Help

Web scraping info from website links in AT records

3837 4
cancel
Showing results for 
Search instead for 
Did you mean: 
Jayme_Richardso
6 - Interface Innovator
6 - Interface Innovator

Hi All!

I have about 10k records in my airtable base, and each have a specific link to a webpage that I regularly check for certain data.  I would love to be able to scrape those pages for the info needed and automatically put it into AT.  Is this possible?  I assume I will have to run a script of some sort, but don't know exactly how to go about that. We are currently updating the 10k records manually, and using some sort of AI would save SO much time!

TIA!

4 Replies 4

My thoughts: read on...

itsmike
5 - Automation Enthusiast
5 - Automation Enthusiast

Hi Jayme, 

Yes this should be possible, depending on the website.  The most important question is 'can we get extract the data'?

I've built a tool that's good at this (Simplescraper), so if you'd like to share an example of what data you're extracting and from which URL it will be possible verify what's possible pretty quickly. 
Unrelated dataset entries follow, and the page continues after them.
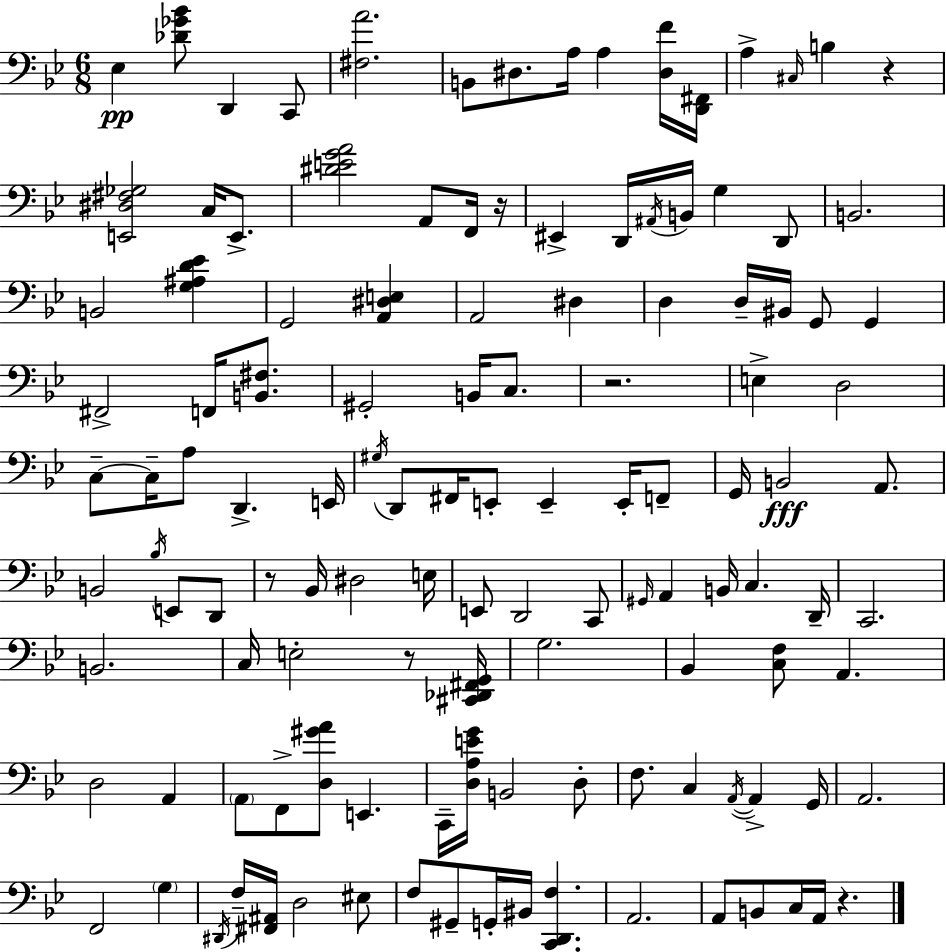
X:1
T:Untitled
M:6/8
L:1/4
K:Bb
_E, [_D_G_B]/2 D,, C,,/2 [^F,A]2 B,,/2 ^D,/2 A,/4 A, [^D,F]/4 [D,,^F,,]/4 A, ^C,/4 B, z [E,,^D,^F,_G,]2 C,/4 E,,/2 [^DEGA]2 A,,/2 F,,/4 z/4 ^E,, D,,/4 ^A,,/4 B,,/4 G, D,,/2 B,,2 B,,2 [G,^A,D_E] G,,2 [A,,^D,E,] A,,2 ^D, D, D,/4 ^B,,/4 G,,/2 G,, ^F,,2 F,,/4 [B,,^F,]/2 ^G,,2 B,,/4 C,/2 z2 E, D,2 C,/2 C,/4 A,/2 D,, E,,/4 ^G,/4 D,,/2 ^F,,/4 E,,/2 E,, E,,/4 F,,/2 G,,/4 B,,2 A,,/2 B,,2 _B,/4 E,,/2 D,,/2 z/2 _B,,/4 ^D,2 E,/4 E,,/2 D,,2 C,,/2 ^G,,/4 A,, B,,/4 C, D,,/4 C,,2 B,,2 C,/4 E,2 z/2 [^C,,_D,,^F,,G,,]/4 G,2 _B,, [C,F,]/2 A,, D,2 A,, A,,/2 F,,/2 [D,^GA]/2 E,, C,,/4 [D,A,EG]/4 B,,2 D,/2 F,/2 C, A,,/4 A,, G,,/4 A,,2 F,,2 G, ^D,,/4 F,/4 [^F,,^A,,]/4 D,2 ^E,/2 F,/2 ^G,,/2 G,,/4 ^B,,/4 [C,,D,,F,] A,,2 A,,/2 B,,/2 C,/4 A,,/4 z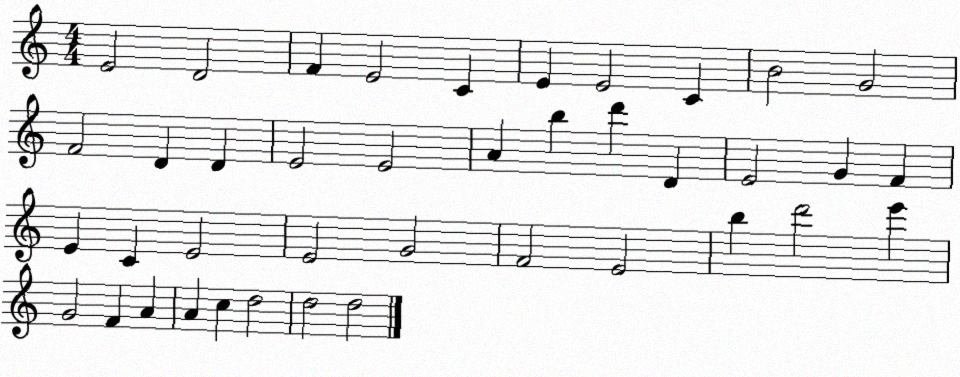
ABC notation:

X:1
T:Untitled
M:4/4
L:1/4
K:C
E2 D2 F E2 C E E2 C B2 G2 F2 D D E2 E2 A b d' D E2 G F E C E2 E2 G2 F2 E2 b d'2 e' G2 F A A c d2 d2 d2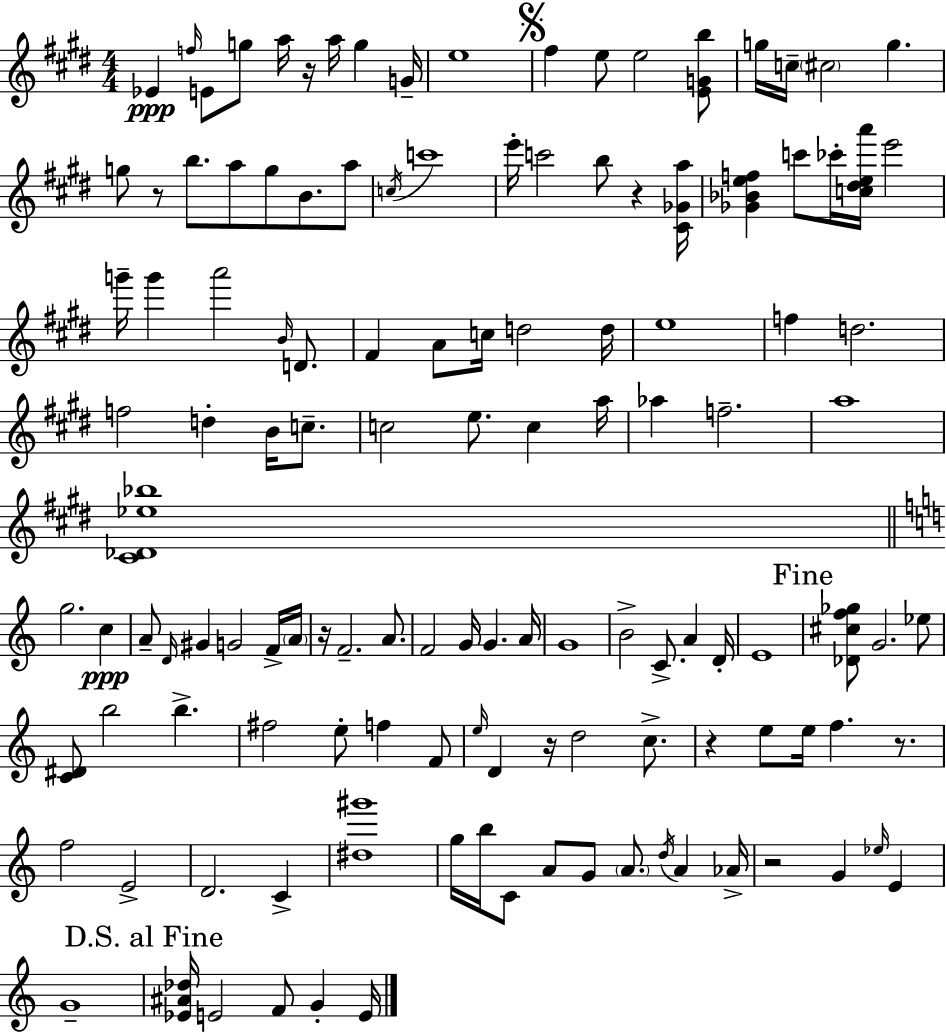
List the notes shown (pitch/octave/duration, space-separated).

Eb4/q F5/s E4/e G5/e A5/s R/s A5/s G5/q G4/s E5/w F#5/q E5/e E5/h [E4,G4,B5]/e G5/s C5/s C#5/h G5/q. G5/e R/e B5/e. A5/e G5/e B4/e. A5/e C5/s C6/w E6/s C6/h B5/e R/q [C#4,Gb4,A5]/s [Gb4,Bb4,E5,F5]/q C6/e CES6/s [C5,D#5,E5,A6]/s E6/h G6/s G6/q A6/h B4/s D4/e. F#4/q A4/e C5/s D5/h D5/s E5/w F5/q D5/h. F5/h D5/q B4/s C5/e. C5/h E5/e. C5/q A5/s Ab5/q F5/h. A5/w [C#4,Db4,Eb5,Bb5]/w G5/h. C5/q A4/e D4/s G#4/q G4/h F4/s A4/s R/s F4/h. A4/e. F4/h G4/s G4/q. A4/s G4/w B4/h C4/e. A4/q D4/s E4/w [Db4,C#5,F5,Gb5]/e G4/h. Eb5/e [C4,D#4]/e B5/h B5/q. F#5/h E5/e F5/q F4/e E5/s D4/q R/s D5/h C5/e. R/q E5/e E5/s F5/q. R/e. F5/h E4/h D4/h. C4/q [D#5,G#6]/w G5/s B5/s C4/e A4/e G4/e A4/e. D5/s A4/q Ab4/s R/h G4/q Eb5/s E4/q G4/w [Eb4,A#4,Db5]/s E4/h F4/e G4/q E4/s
After that it's a case of pulling in the data and mapping it to your fields - the scripting extension should make this step straightforward. 

Happy to help you through the steps.


@Jayme_Richardso@itsmike used Simplescraper to collect every post I've made in this community into Airtable itself, and it found all 3,188 with author links, etc - cool stuff. Having a consultant who knows as much about Airtable as his scraping craft is golden.

I would have edited my first post, but the edit feature rarely works in this new shiny platform @ChrisShernaman. 😉 It's little things like this that expand the effort to make a simple improvement to content a three-minute process instead of 20 seconds. I suspect the problem is in one of these javascript errors that occur frequently.

jserrors.png

carrgordon
4 - Data Explorer
4 - Data Explorer

I get where you're coming from—manually updating 10k records sounds like a huge time sink! I was in a similar boat a while ago when I needed to scrape data from multiple pages and store it in a database. I ended up using a script with web scraping with PHP, and it saved me so much time! It's pretty straightforward once you get the hang of it. I followed a guide from Scraping Bytes, which really helped me understand the process. If you can set up a scheduled script, it’ll pull the data from those pages and update your Airtable base automatically.